Dataset entries:
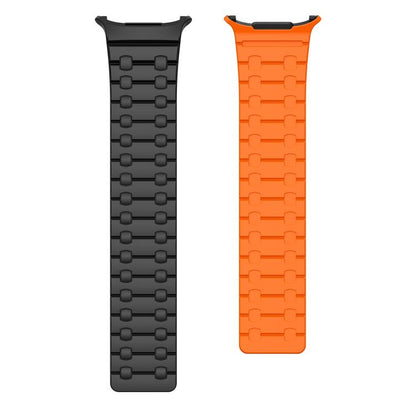 For Samsung Galaxy Watch Ultra 47mm / Ultra 2025 AP Dual Color Magnetic Silicone Watch Band(Black Orange) by bashfashion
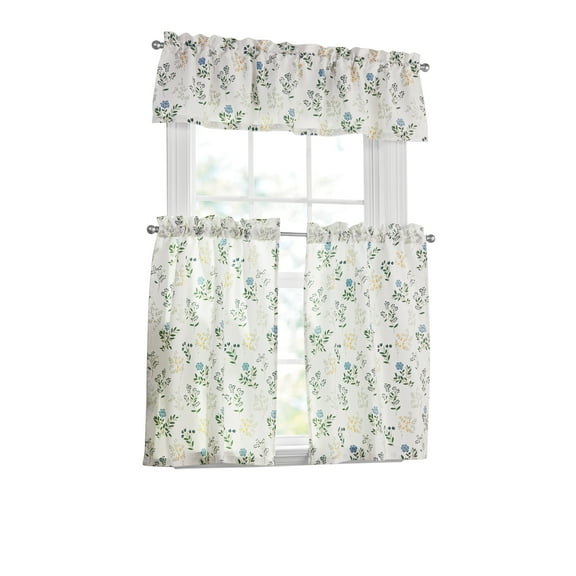 Mainstays Printed Tiers and Valance Set, 3-Piece, Multi, 56" W x 36" L, Indoor Curtain, Adult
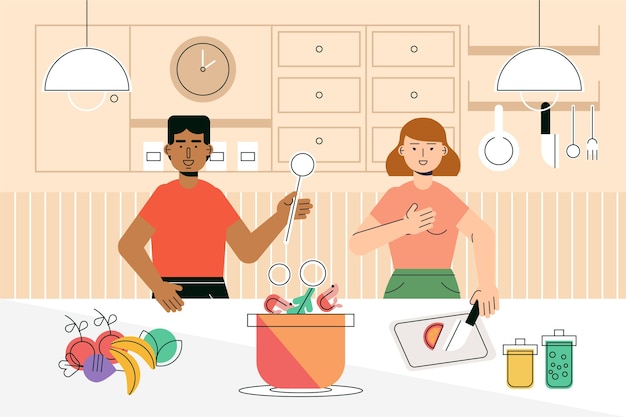 Free Vector people cooking together indoors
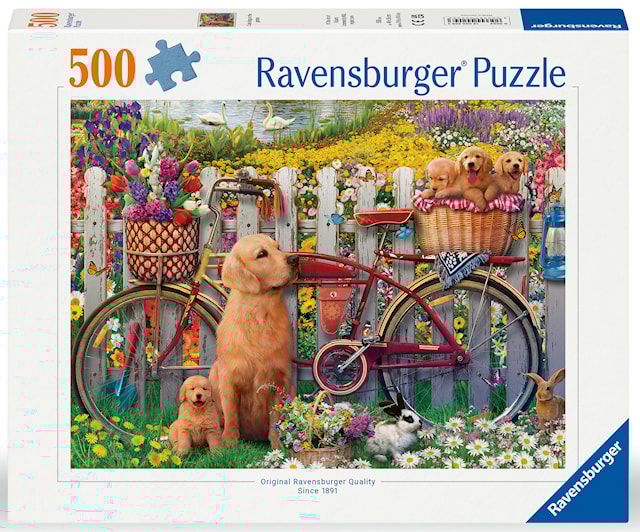 Produktbilde 1 for Søt hund i hagen Puslespill 500 brikker, Ravensburger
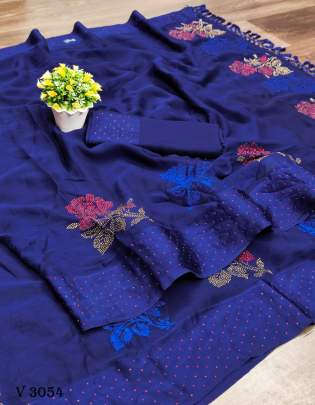 Rutrang fashions Beautiful fancy Dark Blue Georgette saree By Zoya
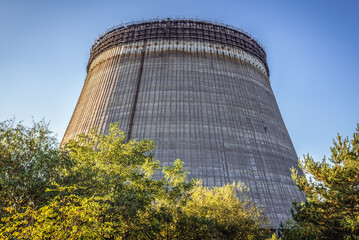 Cooling tower of Chernobyl Nuclear Power Plant in Chernobyl Exclusion Zone, Ukraine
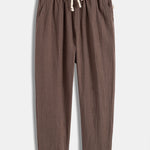 Short Sleeve Geometry Textured Cuban Shirt & Linen Cotton Blend Cropped Pants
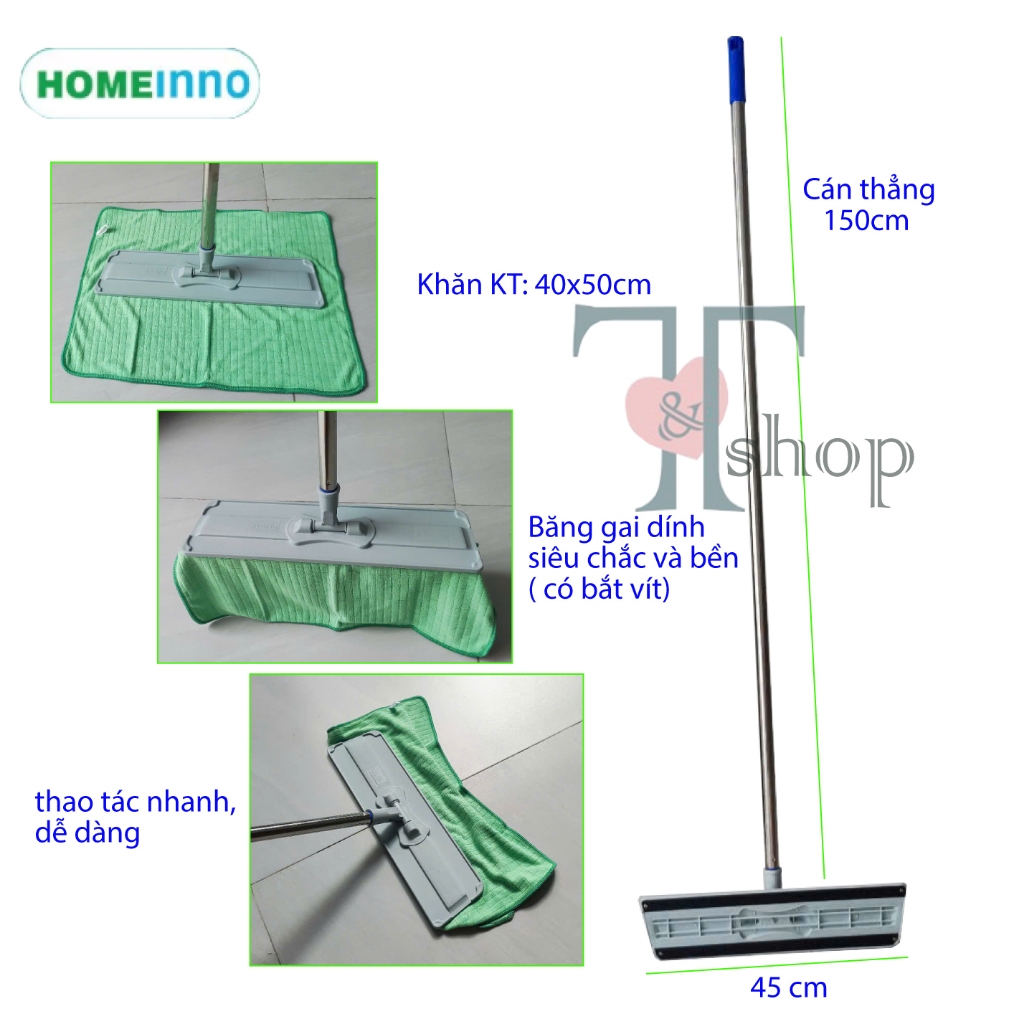 Cây Lau Nhà Đế Nhựa Xám 42cm Kiểu Dán Dùng Khăn Lau Siêu Sạch 40x50 Homeinno CÁN THẲNG 150cm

WORK INSTRUCTION:
Pictures are not part of the answer. Restate word for word the lines from the one with "Produktbilde 1 for" through the last line of the records.

RESULT OF THIS TASK:
 Produktbilde 1 for Søt hund i hagen Puslespill 500 brikker, Ravensburger
 Rutrang fashions Beautiful fancy Dark Blue Georgette saree By Zoya
 Cooling tower of Chernobyl Nuclear Power Plant in Chernobyl Exclusion Zone, Ukraine
 Short Sleeve Geometry Textured Cuban Shirt & Linen Cotton Blend Cropped Pants
 Cây Lau Nhà Đế Nhựa Xám 42cm Kiểu Dán Dùng Khăn Lau Siêu Sạch 40x50 Homeinno CÁN THẲNG 150cm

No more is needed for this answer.